I have some JSON formatted log files that I am copying to S3 so I can run Hive queries on them using Elastic Map Reduce. The script I use to copy the log files to S3 is written in Python.
Every once in a while I encounter a file with an incomplete line, typically at the end of the file. This causes any Hive queries that need that file to fail. I’ve been manually fixing the files by removing the bad line, but I’d like to integrate this step into my Python script to prevent these failures.

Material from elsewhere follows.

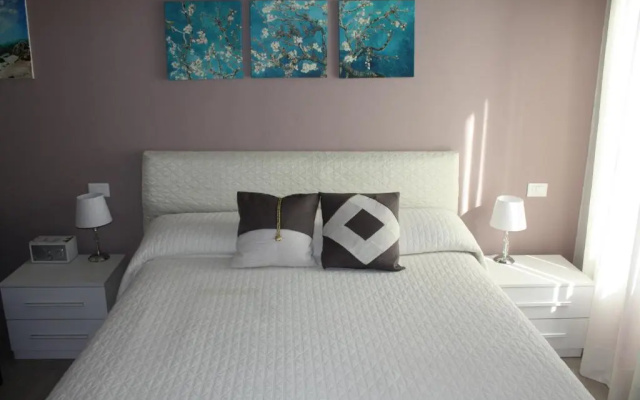 Big Central Room (Adults Only)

Here’s an example of the type of file I’m working with:
{"logLine":{"browserName":"FireFox","userAgent":"Mozilla/5.0 (Windows NT 5.1; rv:5.0) Gecko/20100101 Firefox/5.0"}}
{"logLine":{"browserName":"Pre","userAgent":"Mozilla/5.0 (X11; Linux x86_64) AppleWebKit/534.24 (KHTML, like Gecko; Google Web Preview) Chrome/11.0.696 Safari/534.24"}}
{"logLine":{"browserName":"Internet Explorer","userAgent":"Mozilla/4.0 (compatible; MSIE 7.0; Windows NT 6.1
In that case I want to remove the last line since it’s incomplete. I know it’s incomplete because it’s missing the end of line character(s), and also because it’s not valid JSON due to the missing end quote and curly braces.
Is there an easy way to identify and remove that file from the file using Python?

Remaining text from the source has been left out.